Example 4 100 g of dried tea leaves was immersed in 100 ml of 95% ethanol and extracted at 80° C. for 3 hours. The obtained extract was filtered to remove tea leaves, and concentrated until the tea leaf extract concentration was about 5 wt%. 210 ml of fresh water and 85 g of activated carbon were added to the concentrated solution, and the mixture was stirred and mixed at about 60° C. for 3 hours. Then, the activated carbon was filtered off, ethanol and a portion of the water were removed by evaporation, and the mixture was concentrated to a tea component concentration of about 50% to obtain 30 g of a dark brown aqueous solution. Tablets were prepared from this aqueous solution in the same manner as in Example 2.

Example 5 30 ml of water was added to 30 g of the dark brown aqueous solution obtained in Example 4.
A beverage was prepared by adding 20 mg of sucrose, citric acid, and a small amount of essence.

[0051]

Effects of the Invention The present invention provides an anti-arteriosclerotic agent containing a tea extract extracted from tea leaves using water or alcohol as an extraction solvent as an active ingredient, or a functional food to which a tea extract is added.

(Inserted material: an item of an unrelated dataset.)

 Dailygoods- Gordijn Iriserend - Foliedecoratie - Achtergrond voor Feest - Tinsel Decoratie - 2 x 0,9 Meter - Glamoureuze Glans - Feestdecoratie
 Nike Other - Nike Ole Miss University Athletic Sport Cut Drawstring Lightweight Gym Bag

The anti-arteriosclerosis agent or functional food of the present invention is not a single component or a specific fraction of tea extract, but includes a wide range of water-soluble components of the extract, and their mutual synergistic action prevents arteriosclerosis. Can be treated. Alcoholic extracts in particular have low caffeine and potassium contents and are useful in this respect as well.

[Brief explanation of drawings]

FIG. 1 shows changes in body weight during the experimental period of mice administered with an arteriosclerotic diet and the tea extract of the present invention and mice administered with a standard diet.

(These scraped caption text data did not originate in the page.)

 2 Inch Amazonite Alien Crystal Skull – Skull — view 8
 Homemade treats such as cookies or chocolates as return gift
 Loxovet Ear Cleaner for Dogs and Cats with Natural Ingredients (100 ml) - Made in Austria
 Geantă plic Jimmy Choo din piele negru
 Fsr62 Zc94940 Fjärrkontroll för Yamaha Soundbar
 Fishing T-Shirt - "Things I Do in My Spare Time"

FIG. 2 shows changes in serum total cholesterol levels during the experimental period.

FIG. 3 shows the changes in lipid peroxide during the experimental period.

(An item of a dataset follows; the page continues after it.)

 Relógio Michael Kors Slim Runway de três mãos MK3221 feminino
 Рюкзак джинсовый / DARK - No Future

FIG. 4 shows the cholesterol content in the liver after the end of the experiment.

FIG. 5 shows organ weights after the end of the experiment. * indicates control group (I
P < 0.05, ** P < 0.01, compared to Group I)
*** indicates P<0.001.

Claims (3)

[Claims] [Claim 1] An anti-arteriosclerotic agent whose active ingredient is a tea extract obtained by extracting tea leaves using water, alcohol, or a mixed solution thereof as an extraction solvent. 2. The anti-arteriosclerotic agent according to claim 1, wherein the tea extract is obtained by removing the solvent from an extract obtained by using water, alcohol, or a mixed solution thereof as an extraction solvent, and freeze-drying the extracted solution. [Claim 3] A functional food having an anti-arteriosclerosis effect, which contains a tea extract obtained by extracting tea leaves using water, alcohol, or a mixed solution thereof as an extraction solvent. [Claim 4]
4. The functional food having an anti-arteriosclerosis effect according to claim 3, wherein the tea extract is obtained by removing the solvent from the extract obtained by using water, alcohol, or a mixed solution thereof as an extraction solvent, and freeze-drying the extracted solution.